:: Excerpts from a dataset ::
——————
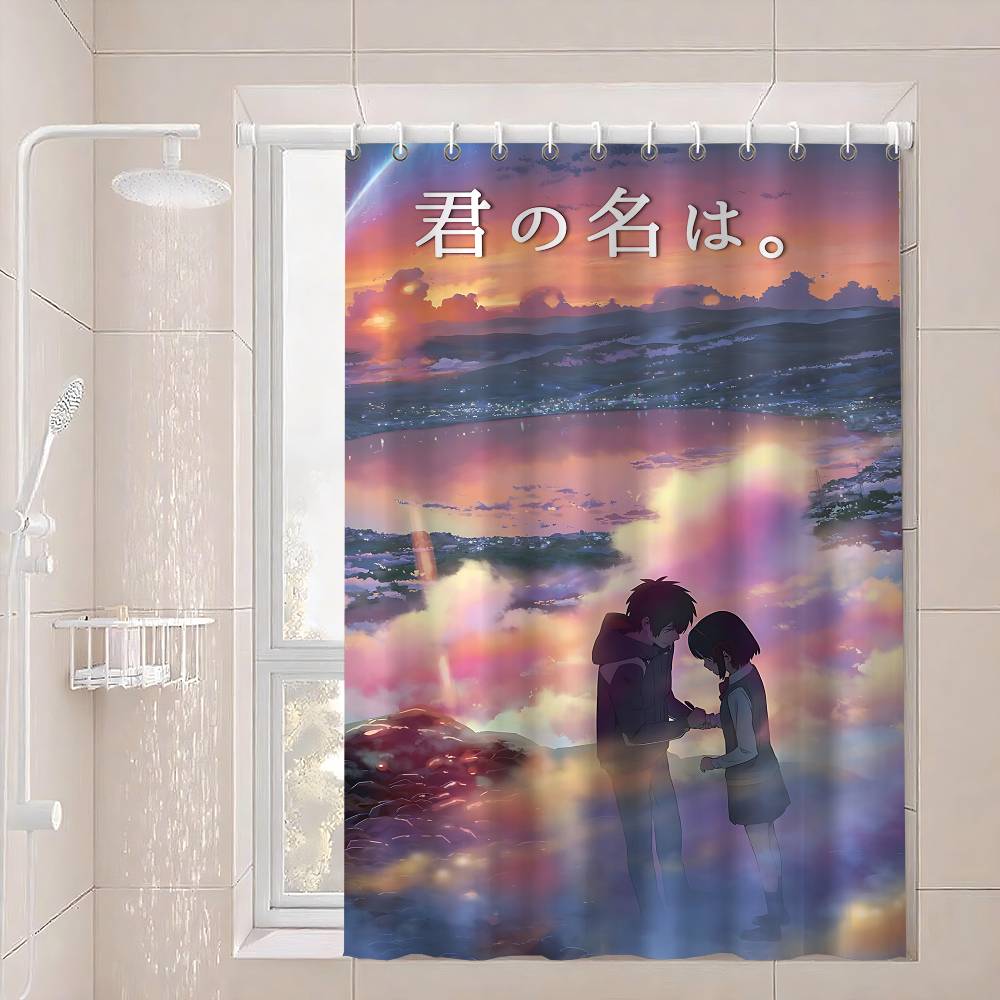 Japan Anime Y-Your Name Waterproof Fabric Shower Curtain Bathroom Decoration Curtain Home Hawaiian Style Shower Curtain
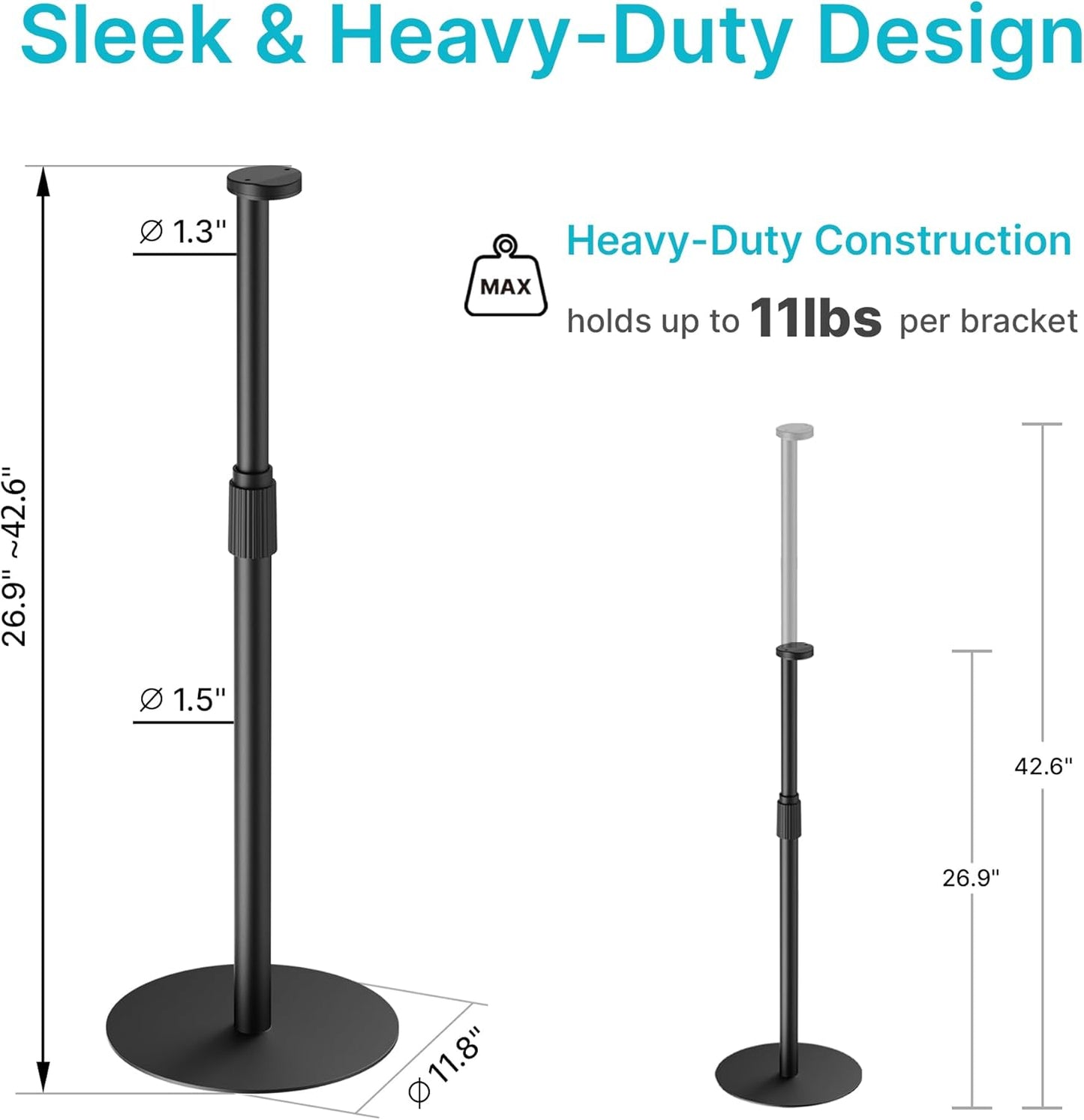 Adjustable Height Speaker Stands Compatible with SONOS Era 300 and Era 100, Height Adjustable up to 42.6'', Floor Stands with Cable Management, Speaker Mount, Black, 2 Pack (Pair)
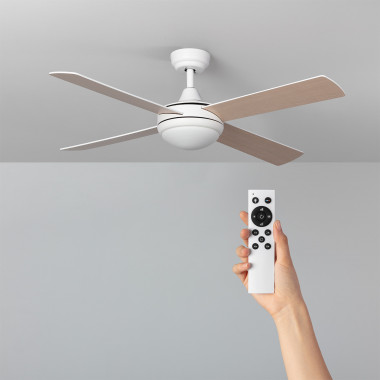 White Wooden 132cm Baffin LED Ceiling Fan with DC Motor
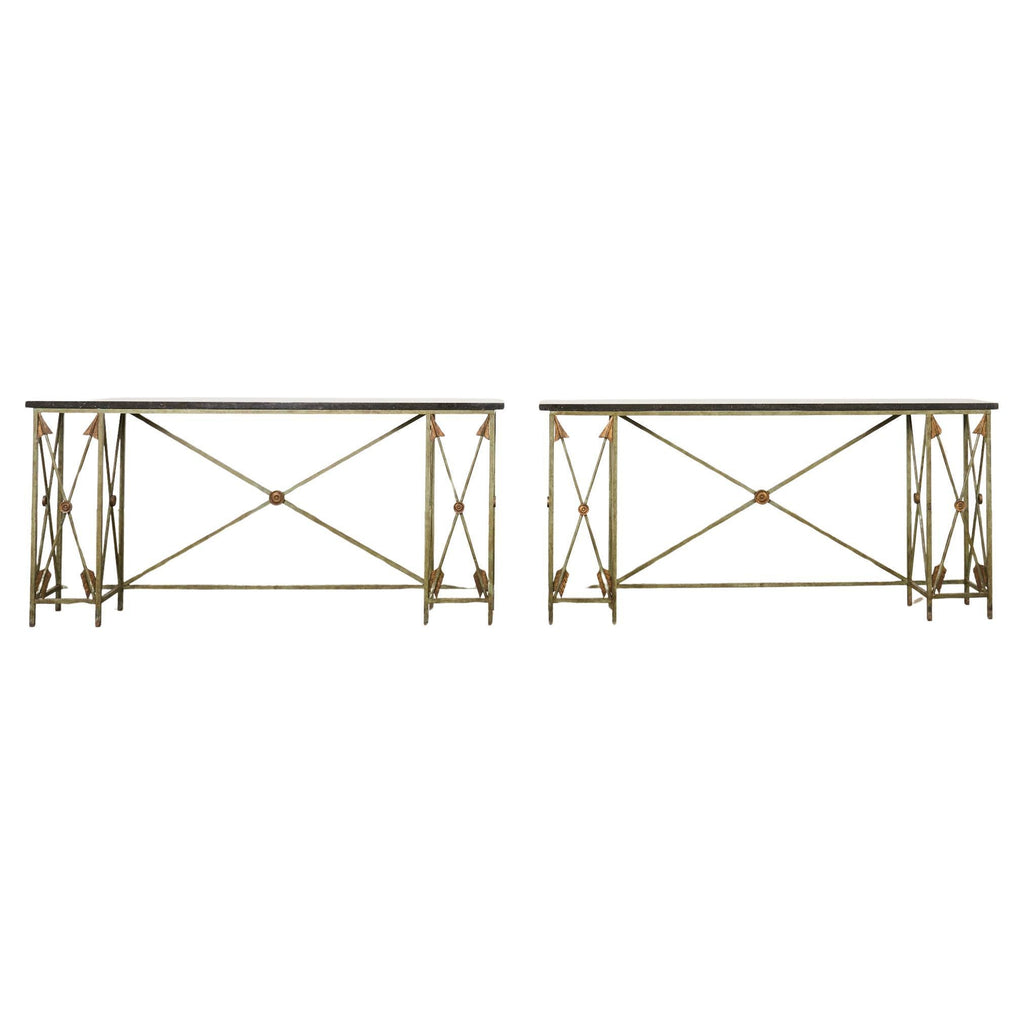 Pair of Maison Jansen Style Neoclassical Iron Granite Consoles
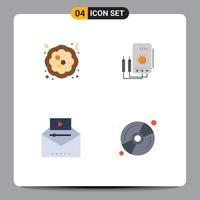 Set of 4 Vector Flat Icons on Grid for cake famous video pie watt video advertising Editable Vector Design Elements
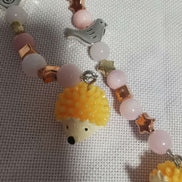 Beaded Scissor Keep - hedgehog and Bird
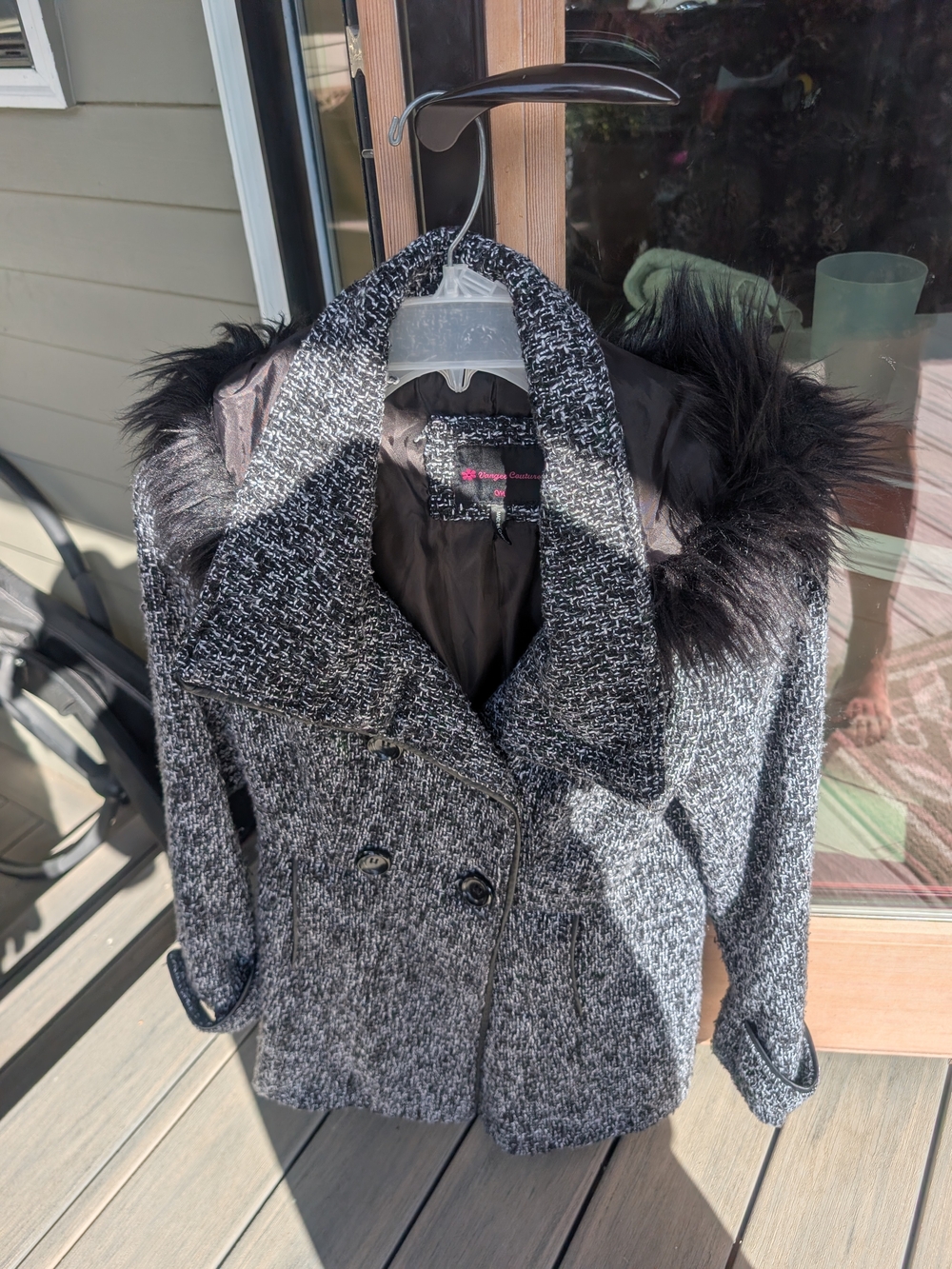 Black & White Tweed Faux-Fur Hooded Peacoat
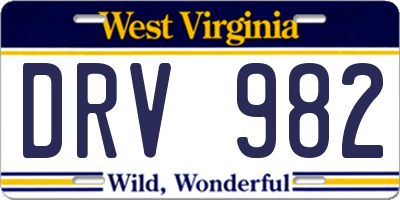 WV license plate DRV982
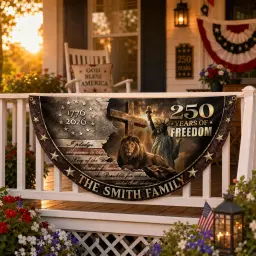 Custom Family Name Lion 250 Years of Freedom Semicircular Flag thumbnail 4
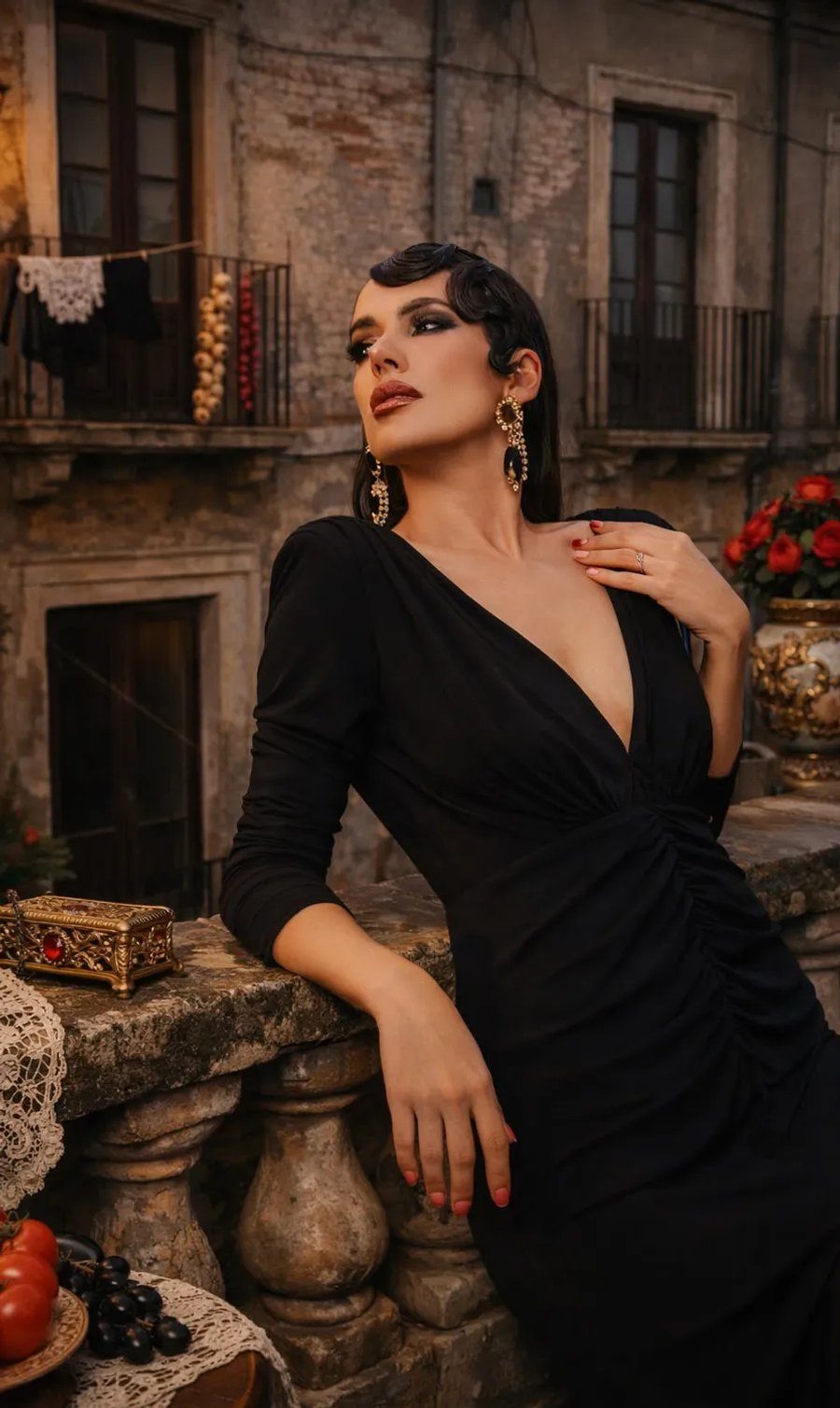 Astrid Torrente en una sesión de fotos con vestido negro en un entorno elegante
——————
:: About this exercise ::
Reproduce the data above exactly, but only from the line containing "White Wooden 132cm" through the line containing "Black & White Tweed Faux-Fur Hooded Peacoat"; skip the pictures.

:: Answer box ::
 White Wooden 132cm Baffin LED Ceiling Fan with DC Motor
 Pair of Maison Jansen Style Neoclassical Iron Granite Consoles
 Set of 4 Vector Flat Icons on Grid for cake famous video pie watt video advertising Editable Vector Design Elements
 Beaded Scissor Keep - hedgehog and Bird
 Black & White Tweed Faux-Fur Hooded Peacoat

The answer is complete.